Not long before Wu Zetian officially ascended the throne, a magnificent building called “Tiantang” was built in the Palatine City of Luoyang, in which a colossal Buddha statue was placed. This colossus existed for only a few years before being completely destroyed by a fire. Although there are some relative historical records and archaeological evidence, it is still a challenge to depict such an object that could no longer be accessed physically. One of the most thorough previous historical studies is from Antonino Forte. After scrutinizing the text resources in detail, he proposed that the “Tiantang” was an essential part of the “Mingtang” complex, and explained its significance as a Buddhist utopia. At the time he was conducting his research, the archaeological report on the site of “Tiantang” had not yet been published.

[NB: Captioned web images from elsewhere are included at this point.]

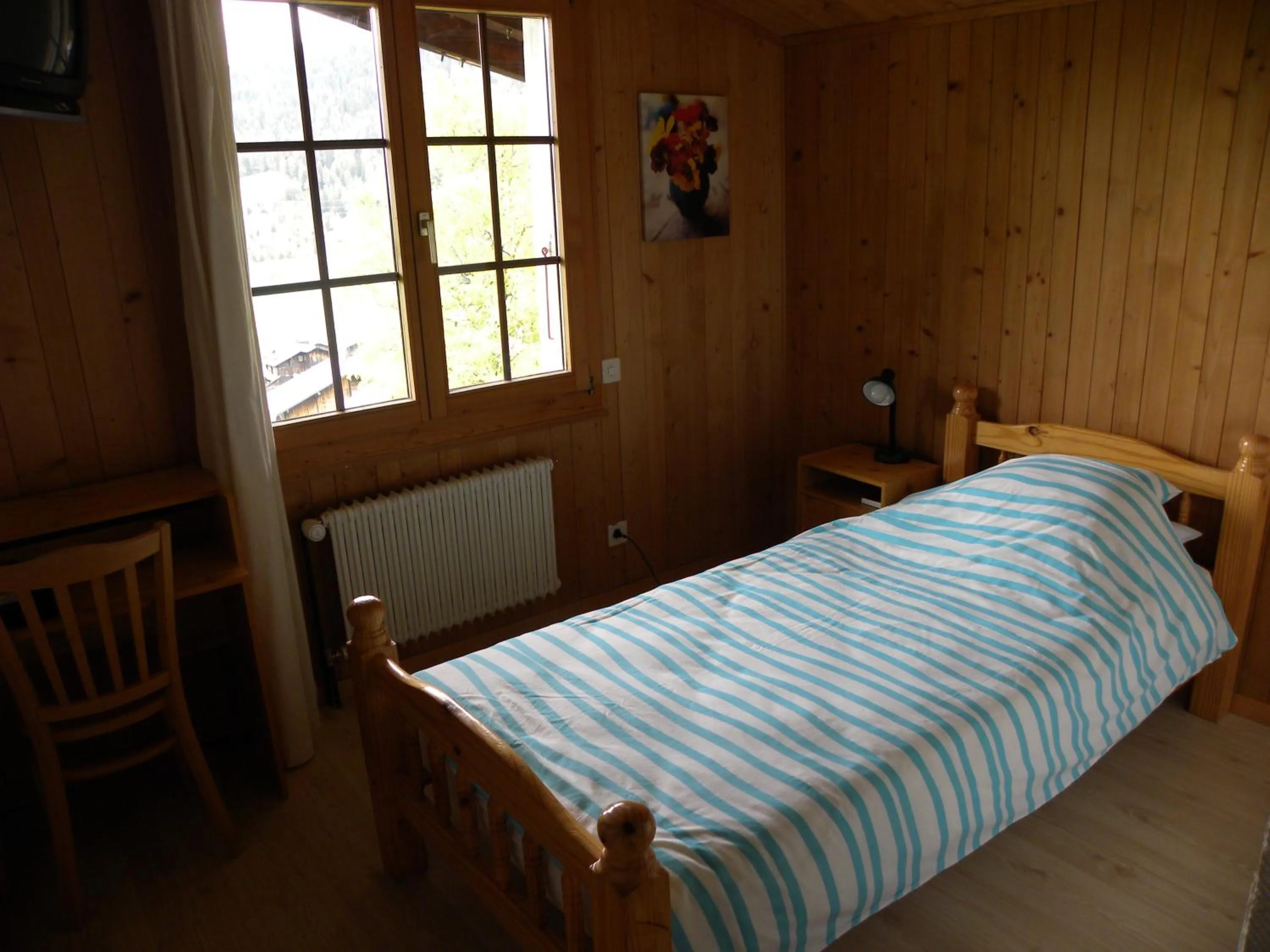 Bed in Hotel Restaurant Walliser Sonne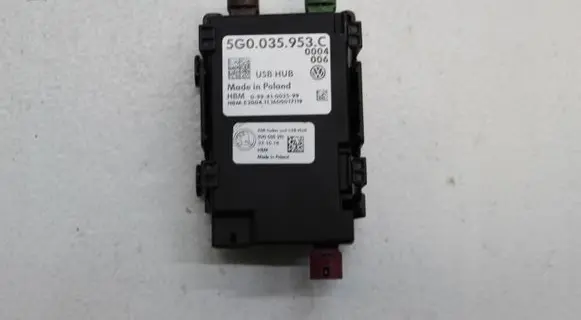 Skoda Superb B8 (3V) USB control unit 5Q0035953C
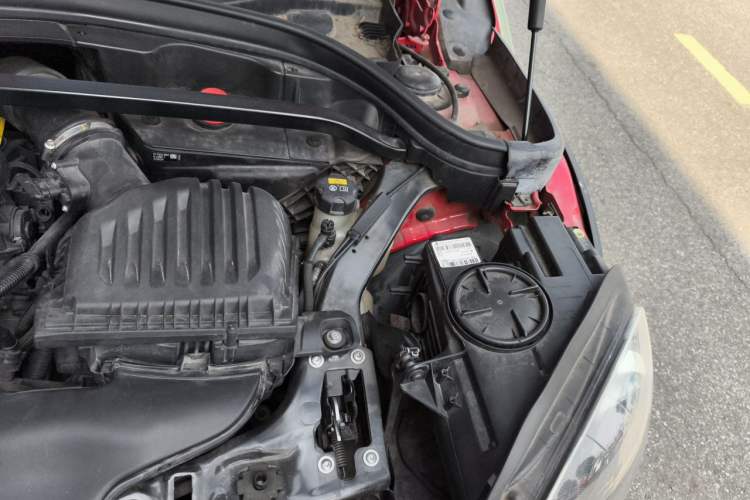 Used MINI Countryman 2018 1.5T COOPER ALL4 Classic Edition Engine Bay Left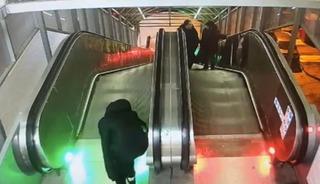 Şehir magandaları kamerada: Y&uuml;r&uuml;yen merdiveni durdurup ka&ccedil;tılar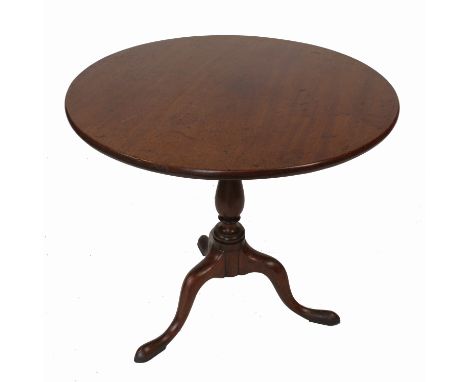 A small late Georgian oak circular tripod table, diameter 17.5ins, height 25.5ins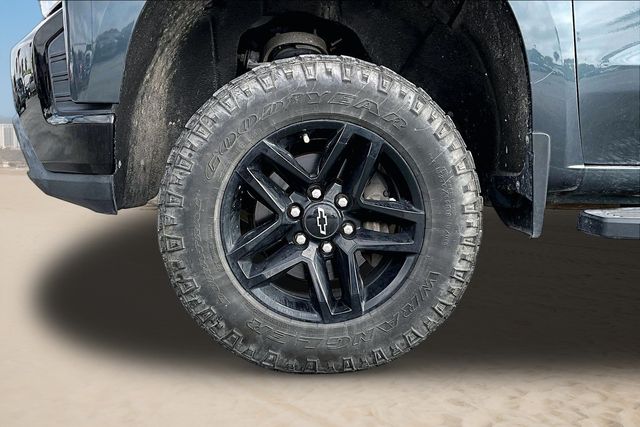 Thumbnail: 2019 Chevrolet Silverado 1500 - 8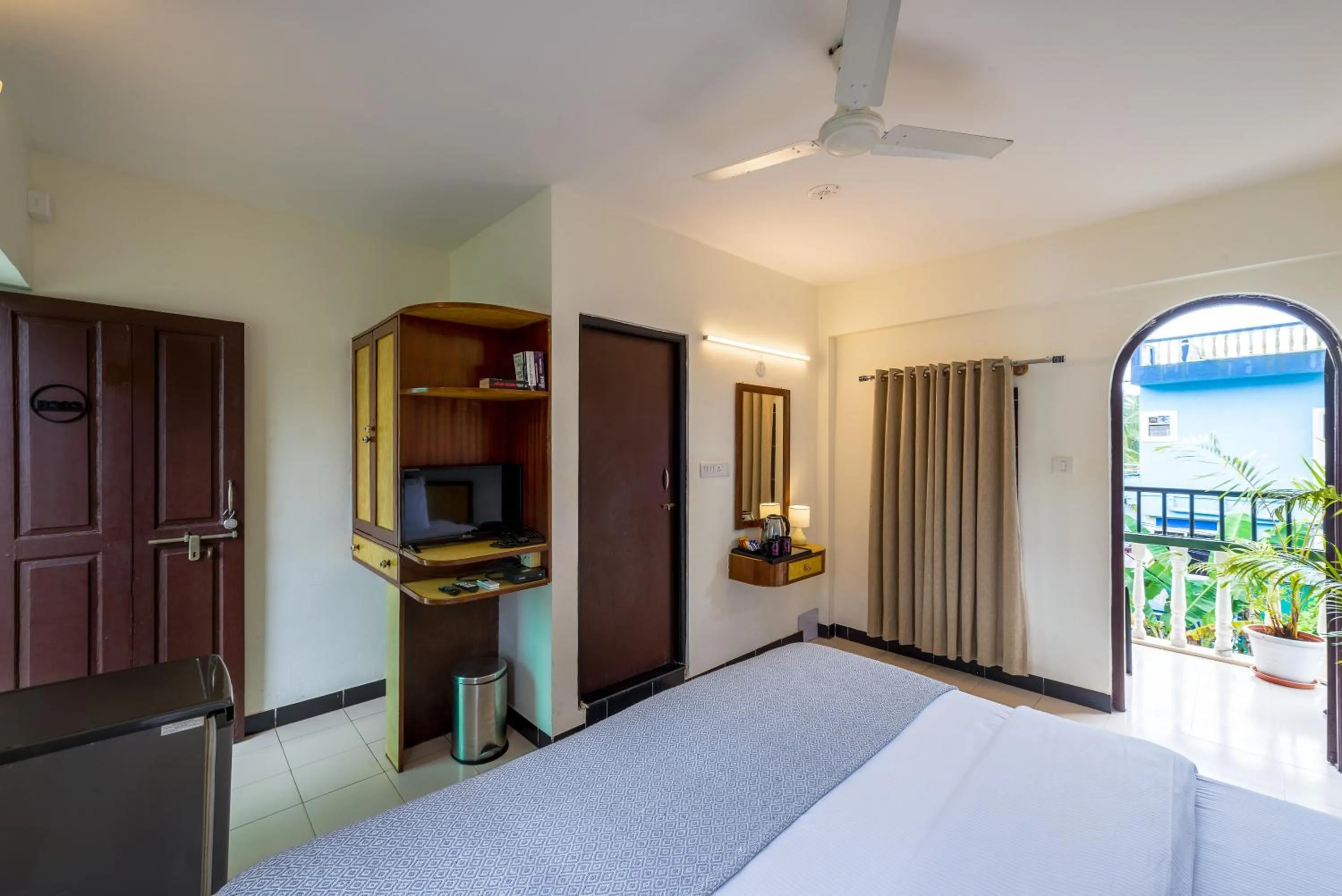 Bedroom, Bed in Olive Zip Calangute Mira by Embassy Group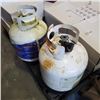 Image 3 : 2 - 20LB PROPANE TANKS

With great respect to Forte’s extraordinary work, this paper will focus on the materiality and spatial context to further explore the various details during the construction process of the colossal statue and the architecture. I contend that the colossal hollow dry lacquer statue was made in parts, and then assembled in Tiantang with the support from the central pillar structure. In this way, the designer of Tiantang succeeded in integrating a colossal Buddha statue with a great tower. By examining the relationship of Tiantang, Wucheng Hall and Mingtang, it can be concluded that Wu Zetian created a completely new ruling space for herself. On the basis of these analysis, we may expect to clarify the differences between the discourse presented in historical records and the practice of making the statue and surrounding complex.



Sijia Huo is a PhD candidate of National Institute for Advanced Humanistic Studies, Fudan University. Her research interests include Buddhist art and stone inscriptions in medieval China. She is working on her PhD dissertation about colossal Buddha statues in the Tang Dynasty.

Wei-Cheng Lin teaches in the Department of Art History at the University of Chicago. He specializes in the history of Chinese art and architecture with a focus on medieval periods. His primary interests of research are visual and material cultural issues in Buddhist art and architecture and China’s funerary practice through history. He is the author of Building a Sacred Mountain: The Buddhist Architecture of China’s Mount Wutai, published by the University of Washington Press in 2014. He has additionally published on a variety of topics, including collecting history, photography and architecture, historiography of Chinese architectural history, and contemporary Chinese art.